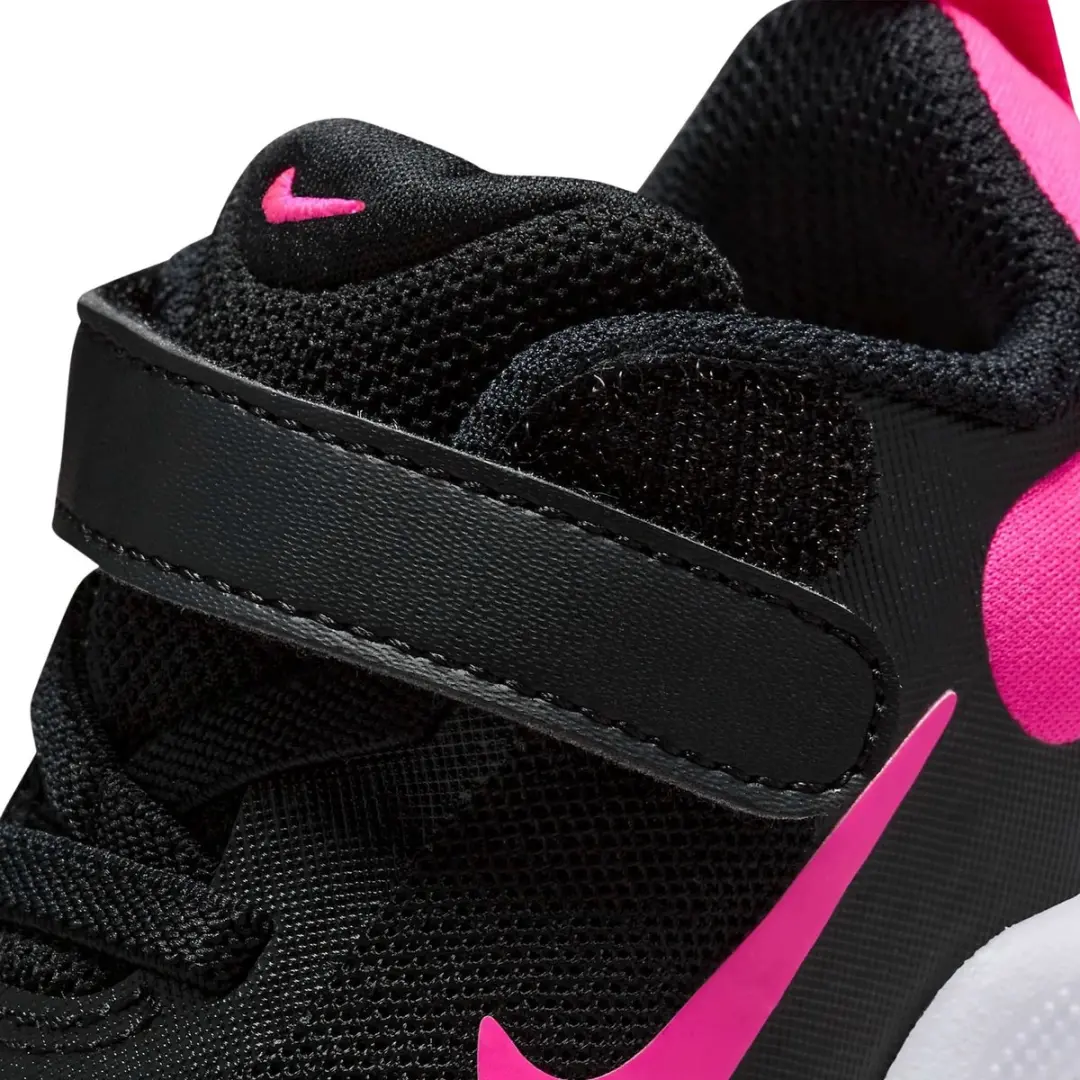 Nike Revolution 7 TDS Sneakers - 18.5 - Zwart/roze - afbeelding 2 van 6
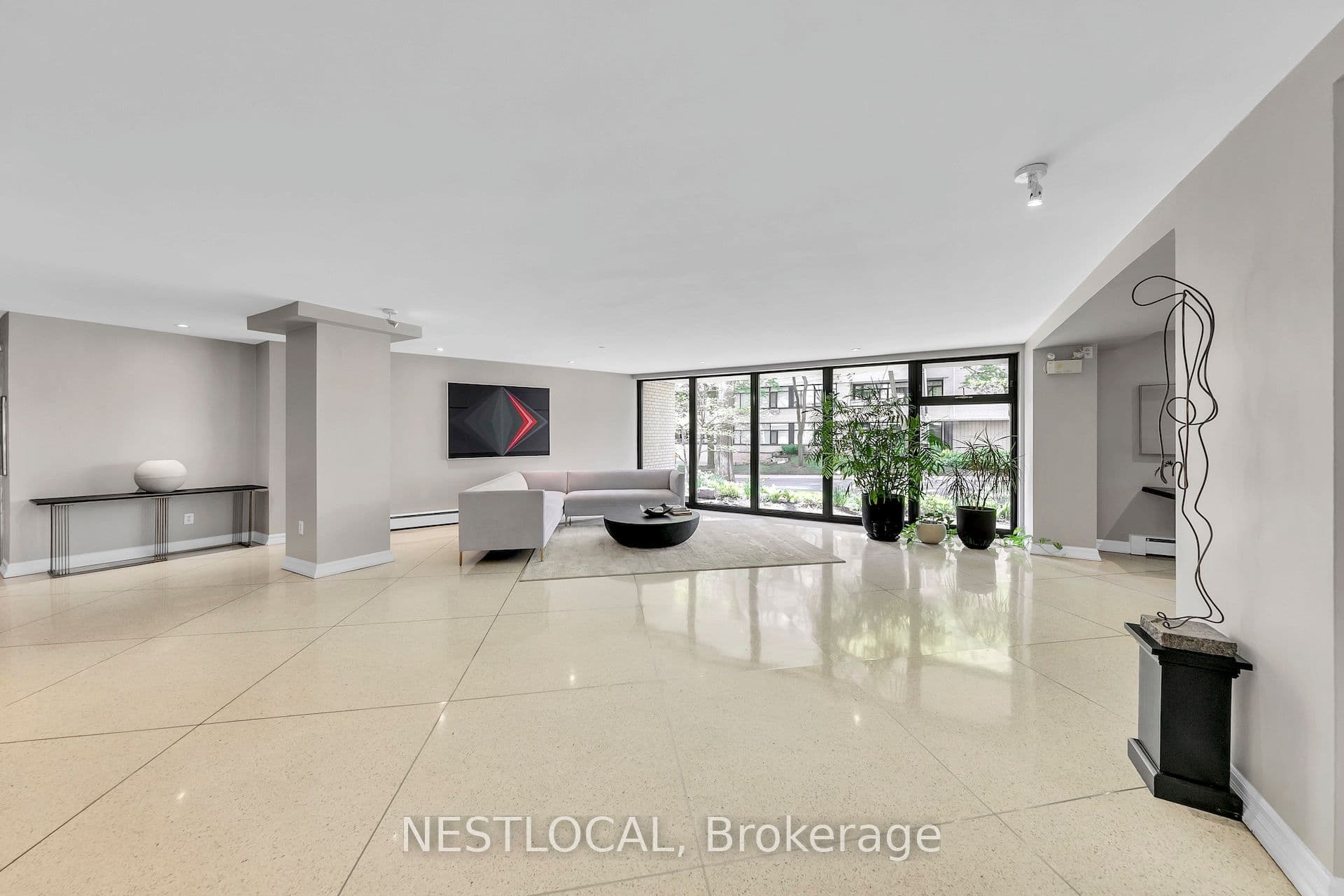 581 Avenue Road Avenue Unit 504, Toronto C02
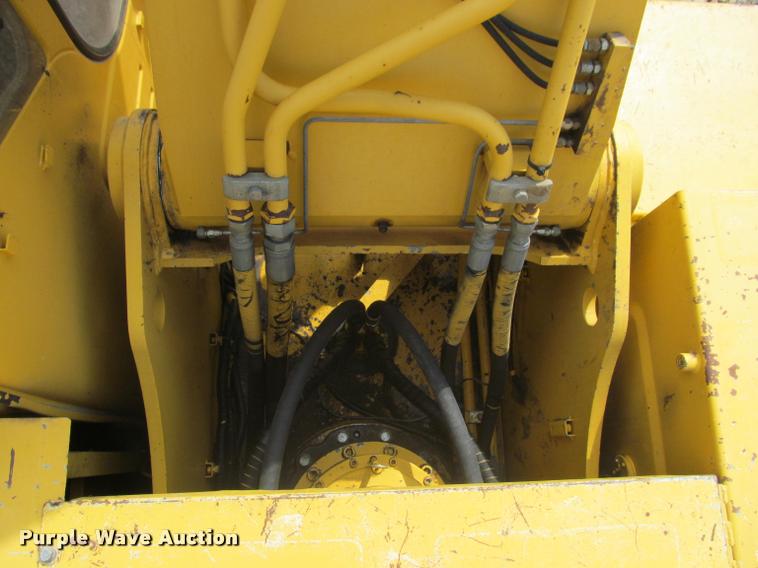 image for item K3992 1999 John Deere 330LC excavator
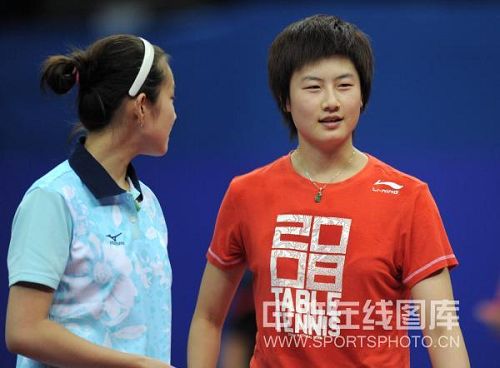 ͼ�ģ�ȫ��ƹ����Ů�Ű���� ����Ц������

### Work order
The material above must be set down word for word, with no picture carried over.

### Task result
 Nike Revolution 7 TDS Sneakers - 18.5 - Zwart/roze - afbeelding 2 van 6
 581 Avenue Road Avenue Unit 504, Toronto C02
 image for item K3992 1999 John Deere 330LC excavator
 ͼ�ģ�ȫ��ƹ����Ů�Ű���� ����Ц������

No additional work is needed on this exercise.